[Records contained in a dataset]
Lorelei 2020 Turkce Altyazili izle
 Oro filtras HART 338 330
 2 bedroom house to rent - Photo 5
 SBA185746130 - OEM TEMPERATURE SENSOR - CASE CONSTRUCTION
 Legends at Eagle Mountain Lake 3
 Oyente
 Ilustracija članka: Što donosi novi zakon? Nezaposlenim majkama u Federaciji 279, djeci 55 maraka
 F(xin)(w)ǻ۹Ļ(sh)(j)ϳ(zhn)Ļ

▶ [AIM OF THE TASK] Starting from the line that contains "SBA185746130 - OEM", transcribe each line to the end of the records above. Please add nothing.

▶ [TASK SOLUTION]
 SBA185746130 - OEM TEMPERATURE SENSOR - CASE CONSTRUCTION
 Legends at Eagle Mountain Lake 3
 Oyente
 Ilustracija članka: Što donosi novi zakon? Nezaposlenim majkama u Federaciji 279, djeci 55 maraka
 F(xin)(w)ǻ۹Ļ(sh)(j)ϳ(zhn)Ļ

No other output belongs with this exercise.